Nodal Numerical Modeling of Submerged Helium Injection in a Cryogenic Propellant Tank

Subcooling of cryogenic propellant by helium injection is one of the most effective methods for suppressing bulk boiling and keeping subcooled propellant conditions for pre-launch, launch, and post-launch pressurization applications. For tank pressurization, submerged helium injection can substantially reduce helium consumption by infusing gaseous propellant into the tank ullage. This paper presents a mathematical model of the helium bubbling process in liquid oxygen to estimate the amount of oxygen vapor absorbed by the rising helium bubbles and the amount of subcooling of liquid oxygen due to evaporative heat and mass transfer.

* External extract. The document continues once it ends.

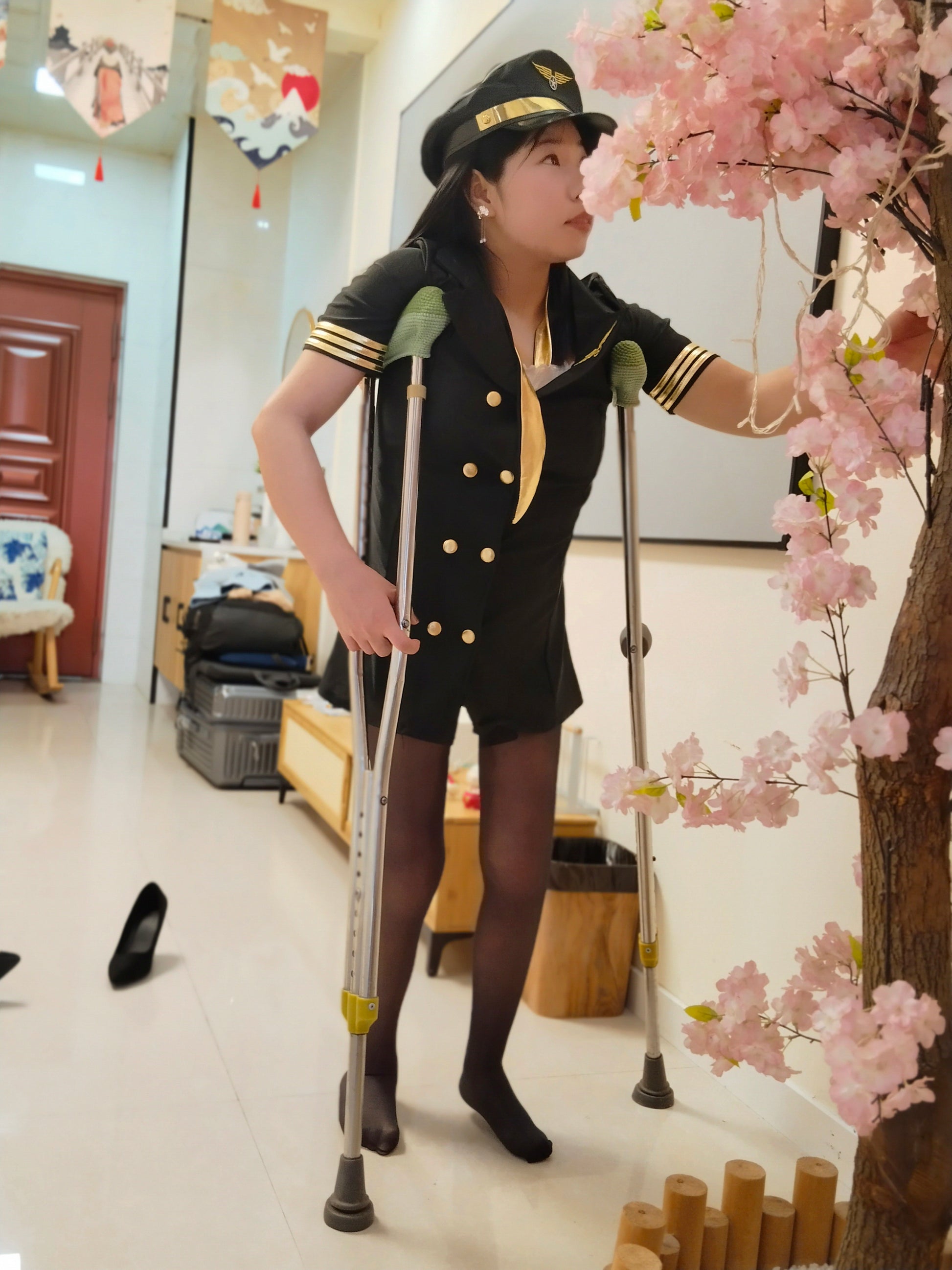 Twlia, a girl with polio, walks with crutches while wearing black stockings.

This mathematical model was incorporated in a simulation model of tank pressurization built with Generalized Fluid System Simulation Program (GFSSP), a general-purpose flow network code developed at NASA/Marshall Space Flight Center. The numerical predictions of subcooling have been compared with the experimental data of Cho et al. which investigated the propellant subcooling effect as a function of system pressure, helium injection temperature, and flowrate for a non-drained submerged injection system. The numerical predictions of helium consumption have been compared with the test data from a NASA Centaur test vehicle which included both direct and submerged injection with draining of propellants. The numerical model developed with GFSSP has been validated against two sets of experimental data and has been shown to predict both propellant subcooling and helium consumption to within 30% in most cases. The test data used for the model validation were taken in 1-g, but the mass diffusion model was developed to be applied in both 1-g and micro-g environments.